:: What is being asked ::
Exactly reproduce the lines from the one holding "Pcı-E Pcı-E Adaptörüne" through the end of the records, including both boundary lines but no pictures.

:: The records ::
[Start of Attachment]

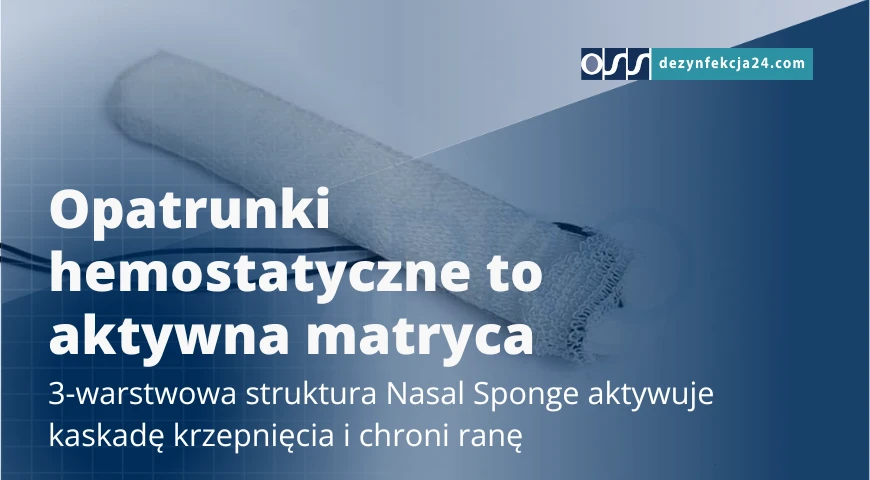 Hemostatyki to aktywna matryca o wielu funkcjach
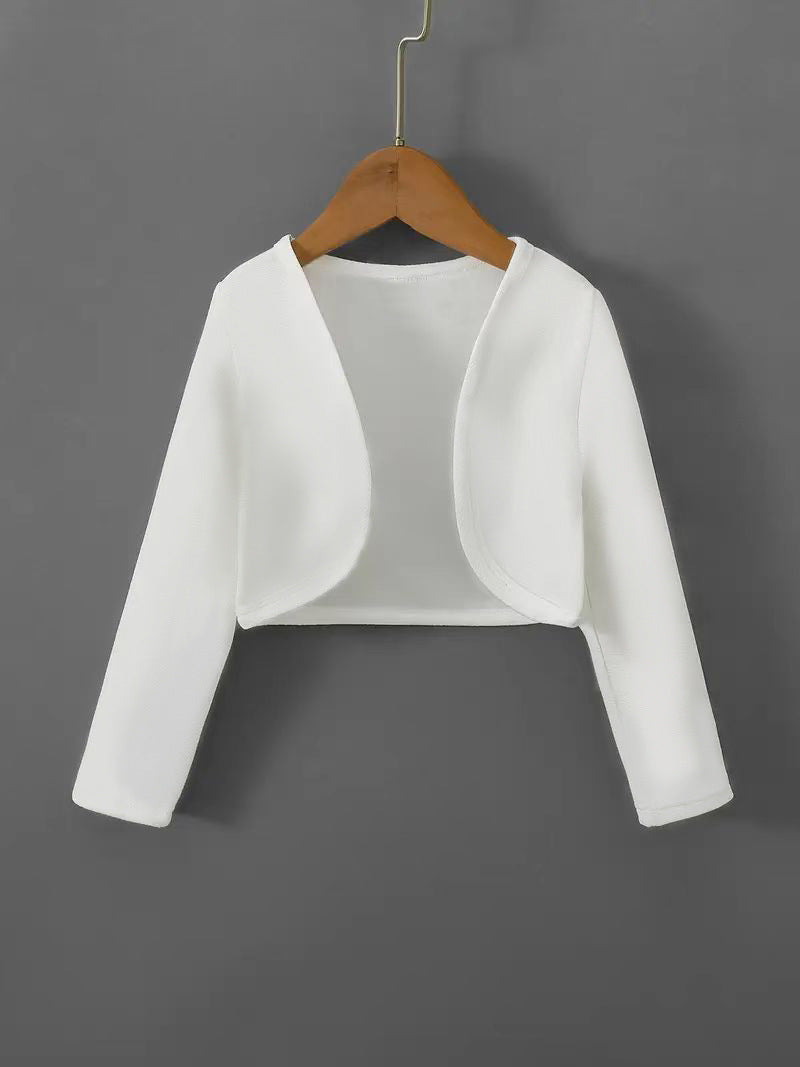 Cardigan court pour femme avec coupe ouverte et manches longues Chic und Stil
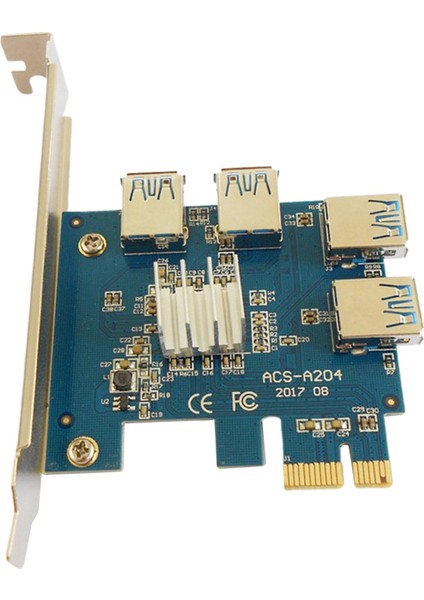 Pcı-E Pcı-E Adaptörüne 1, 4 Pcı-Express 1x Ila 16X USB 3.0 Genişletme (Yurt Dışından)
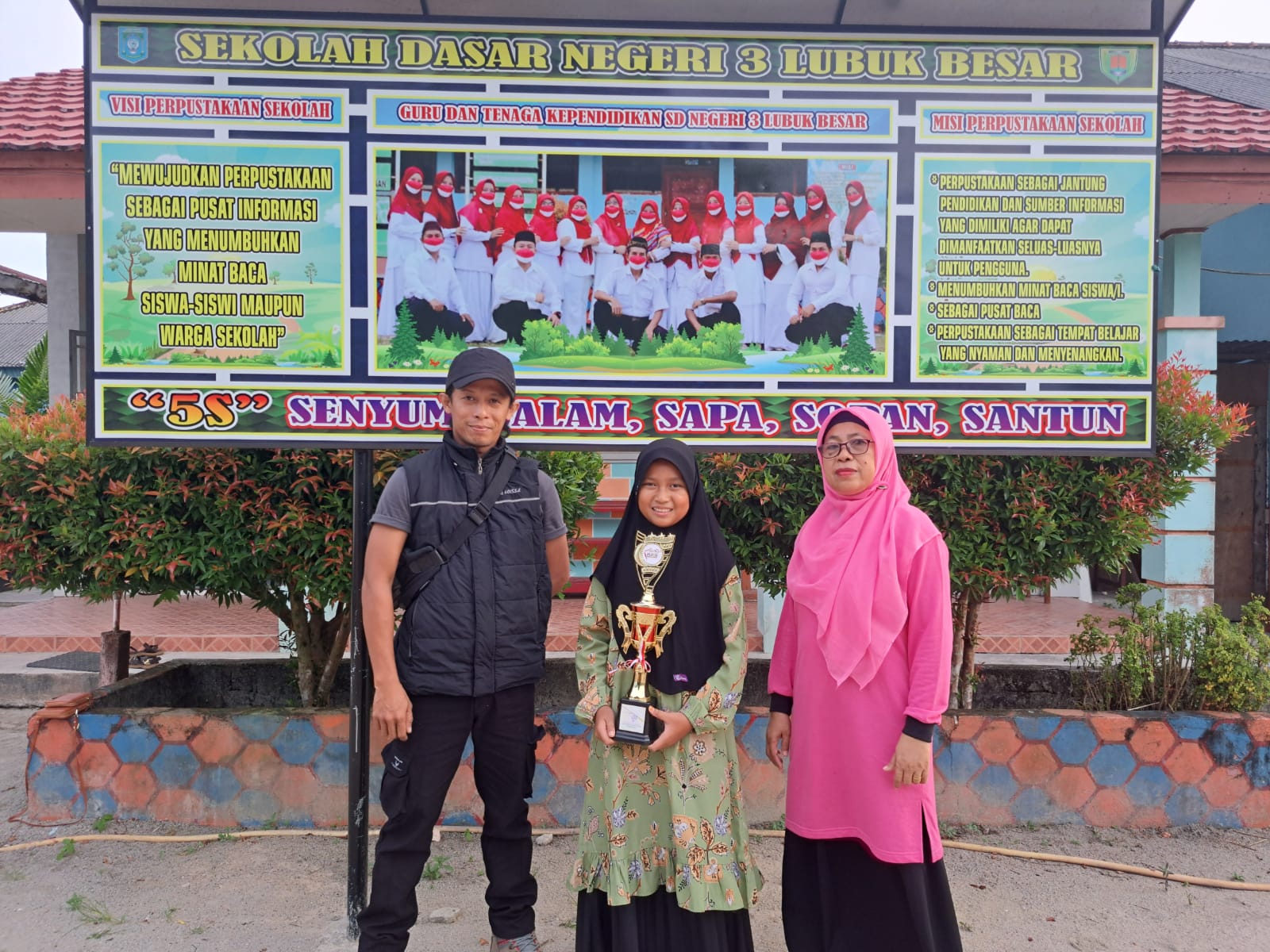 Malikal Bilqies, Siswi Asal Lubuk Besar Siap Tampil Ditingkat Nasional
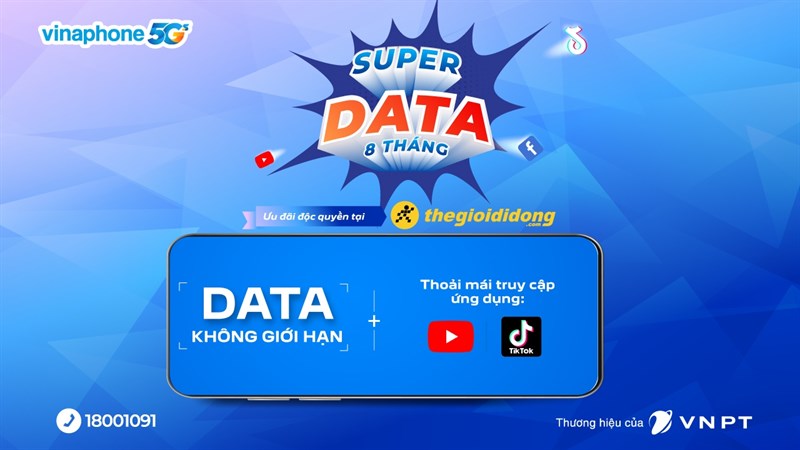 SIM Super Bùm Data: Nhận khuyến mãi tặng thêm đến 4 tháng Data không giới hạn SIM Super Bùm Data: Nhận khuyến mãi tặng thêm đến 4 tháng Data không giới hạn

[End of Attachment]

:: Reply ::
 Pcı-E Pcı-E Adaptörüne 1, 4 Pcı-Express 1x Ila 16X USB 3.0 Genişletme (Yurt Dışından)
 Malikal Bilqies, Siswi Asal Lubuk Besar Siap Tampil Ditingkat Nasional
 SIM Super Bùm Data: Nhận khuyến mãi tặng thêm đến 4 tháng Data không giới hạn SIM Super Bùm Data: Nhận khuyến mãi tặng thêm đến 4 tháng Data không giới hạn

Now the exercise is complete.